PROBLEM TO WORK ON: All of the data must be output exactly, with every picture left out.

THE DATA:
======

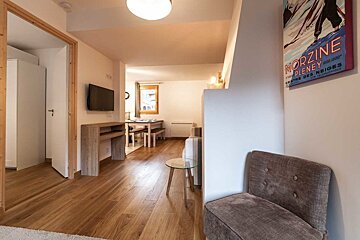 Florimont No.2 Apartment, Morzine hallway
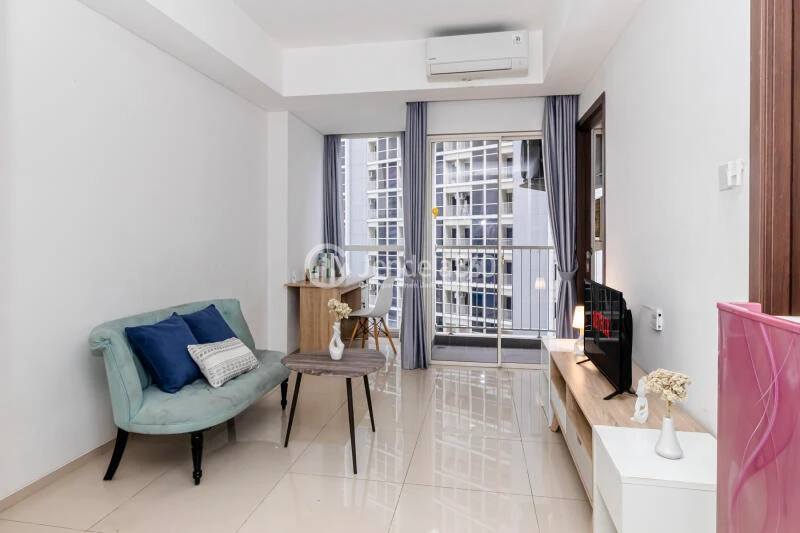 Living Room Pacific Garden Apartment 2BR View City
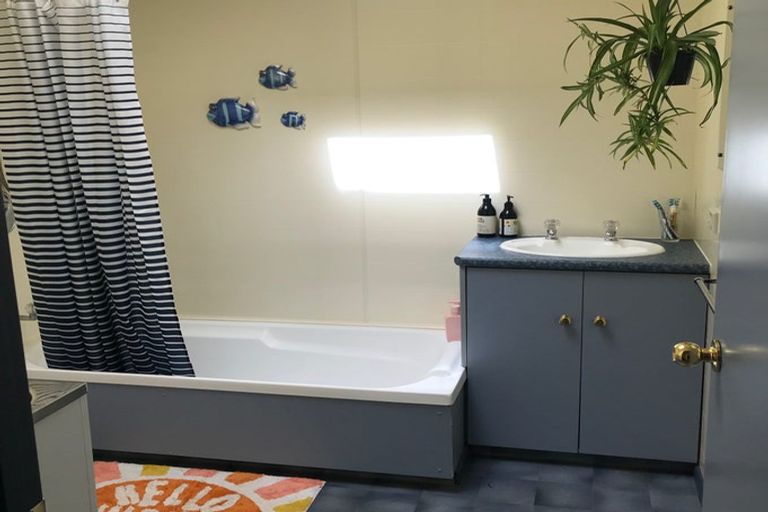 Photo of property in 8 Spiers Street, Kakanui, Oamaru, 9495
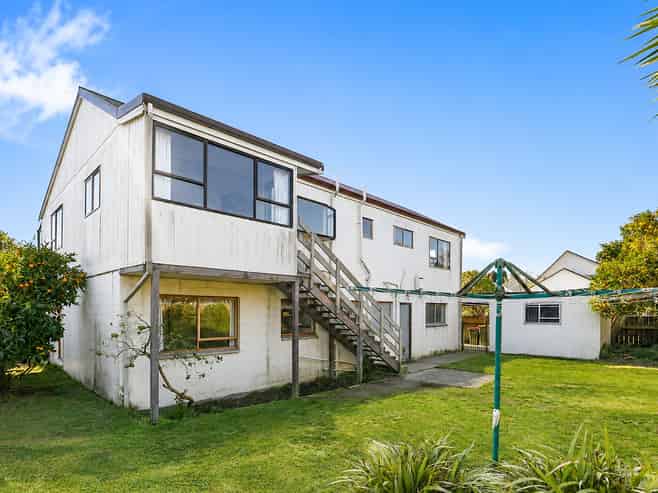 8 Devon Street, Glenholme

======

ANSWER SPACE:
 Florimont No.2 Apartment, Morzine hallway
 Living Room Pacific Garden Apartment 2BR View City
 Photo of property in 8 Spiers Street, Kakanui, Oamaru, 9495
 8 Devon Street, Glenholme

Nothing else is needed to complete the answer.